Section 188(b)(2) of the Act reads, “If the Administrator finds that any Moderate Area is not in attainment after the applicable attainment date—(A) the area shall be reclassified by operation of law as a Serious Area. * * *” (emphasis added). We never made the requisite finding—that the areas had not attained by December 31, 1994—to trigger a bump up to “serious” and therefore, a bump up had not occurred. The commenter is attempting to read the requirement for an EPA finding of nonattainment out of the Act.

There is nothing in section 188 that states that EPA, having failed to meet the June 30, 1995 deadline for determining whether the areas had attained or not, is then bound to find that the areas did not attain. We believe that EPA retains discretion to avail itself of any of the options provided by the Act—find that the areas had attained, find that the areas had not attained, or find that an attainment date extension was warranted—if the criteria for such options are met. In this case, we believe that attainment date extensions were warranted, and we do not believe our delay in granting such extensions should form the basis for forcing a bump up of the areas to serious and the imposition of the stricter emission limits and controls that go along with such a bump up. It would indeed be odd, and in our view inconsistent with the statute, to “penalize” sources within the areas in question, due to our failure to act in a timely way.

We note again that in an October 18, 1995 letter to Russell Roberts, the then director of the Utah Division of Air Quality, we stated that we were granting the extensions, and in a subsequent letter, we stated that we would publish the requisite notices in the Federal Register. We failed to follow through with these actions in a timely way, and we are now trying to correct our failure.

Also, as indicated above, Salt Lake County and Utah County attained the PM10 NAAQS as of the extended attainment dates under this action (December 31, 1995 and December 31, 1996, respectively). Under these circumstances, a bump up makes even less sense.

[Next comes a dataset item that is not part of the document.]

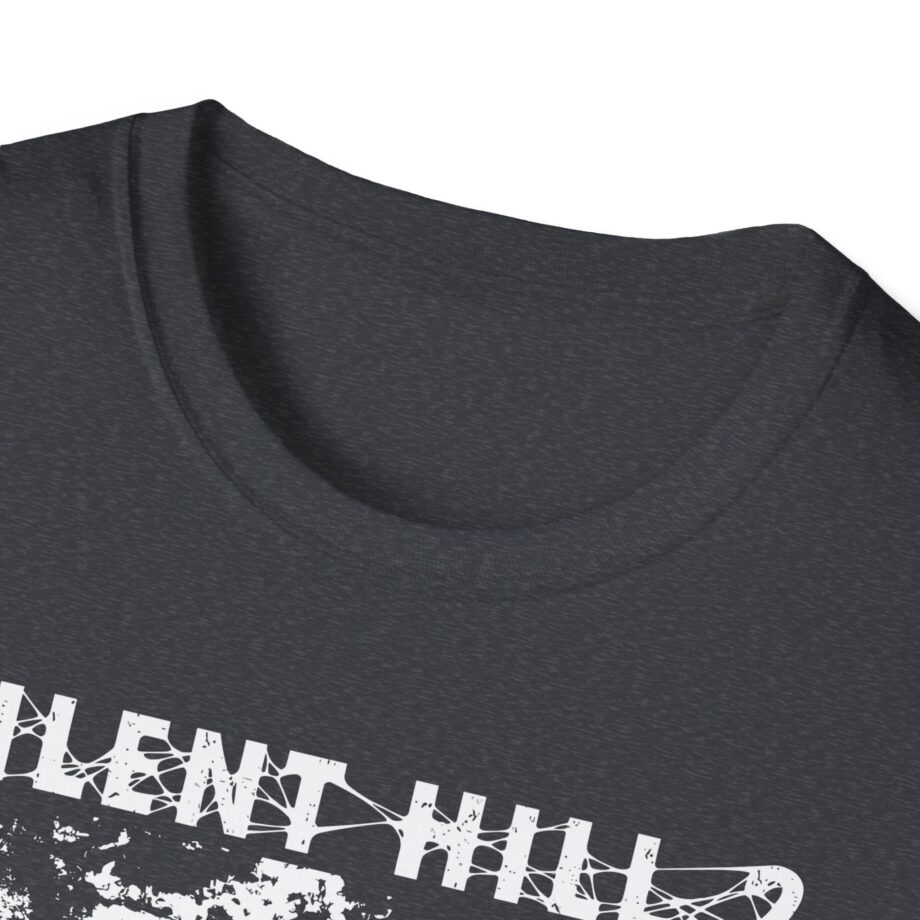Silent Hill Unisex Softstyle T-shirt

(3) Comment: One commenter states that the attainment date extensions are contrary to our guidance, which requires states to submit requests for extensions under section 188(d) within 90 days after the attainment date, and requires resolution of such requests within 6 months after the attainment date. According to the commenter, the guidance clearly reads section 188(d) as applying only up to the point at which a bump up is required. The commenter argues that we have no basis for departing from our longstanding guidance in this matter.

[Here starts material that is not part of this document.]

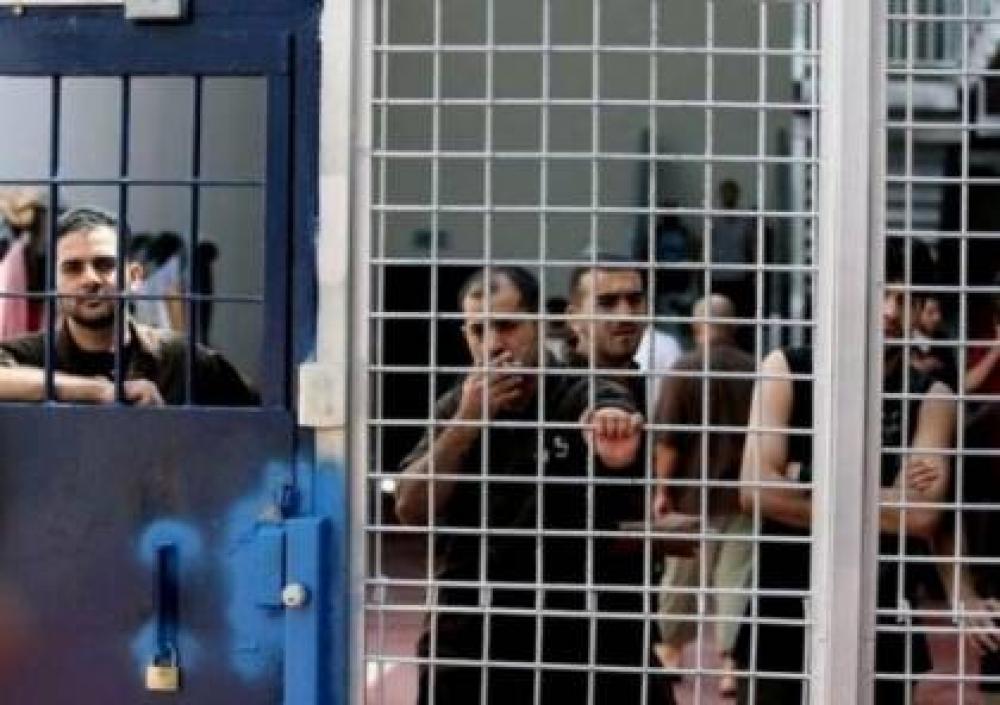 اتحاد المرأة يدين تشريع الاحتلال قانون إعدام الأسرى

Response: Nothing in the Act specifies a particular deadline for a State request for an attainment date extension. In this case, the State of Utah submitted an attainment date extension request on May 11, 1995, before section 188's June 30, 1995 deadline for us to determine the areas' attainment status. In addition, as noted in Utah's May 11, 1995 request, Utah had previously submitted a draft request to us. We think Utah initiated its request for attainment date extensions within a Start Printed Page 32756reasonable period of time, and provided supplemental information to clarify the request in a timely way. Utah and EPA worked through issues with the request over the summer of 1995, and, in the fall of 1995, we indicated we were approving the extension requests. Under the circumstances, we think Utah's actions were reasonably consistent with our guidance. We don't believe the fact that Utah's formal request fell outside the 90-day period described in our guidance forms an adequate basis to ignore or deny Utah's request. Our guidance is just that—guidance; it cannot be considered a binding document.

We don't believe our guidance speaks to the issue of what should happen in a case where EPA fails to make an attainment determination by June 30, 1995, as required by the Act. If anything, our guidance clearly recognizes that we must first determine that the area has not timely demonstrated attainment of the NAAQS before the area is reclassified to serious under section 188(b). (See page 10 of our November 14, 1994 guidance memorandum, “Criteria for Granting 1-Year Extensions of Moderate PM-10 Nonattainment Area Attainment Dates, Making Attainment Determinations, and Reporting on Quantitative Milestones,” signed by Sally L. Shaver.) We believe our position is reasonable. The alternative position, expressed by the commenter, would impose the burden of EPA's failure to act in a timely way upon Utah (additional planning requirements) and sources within the areas (more stringent control requirements in the form of BACM/BACT), regardless of whether an extension of the attainment date is warranted. We don't believe this position is reasonable.

If EPA is not allowed to exercise its discretion to grant an extension of the attainment date where the statutory criteria have been met—discretion Congress provided us alongside the requirement to determine whether areas timely attained—it would appear to frustrate Congress' obvious desire to provide States that are close to achieving attainment an alternative to undergoing reclassification.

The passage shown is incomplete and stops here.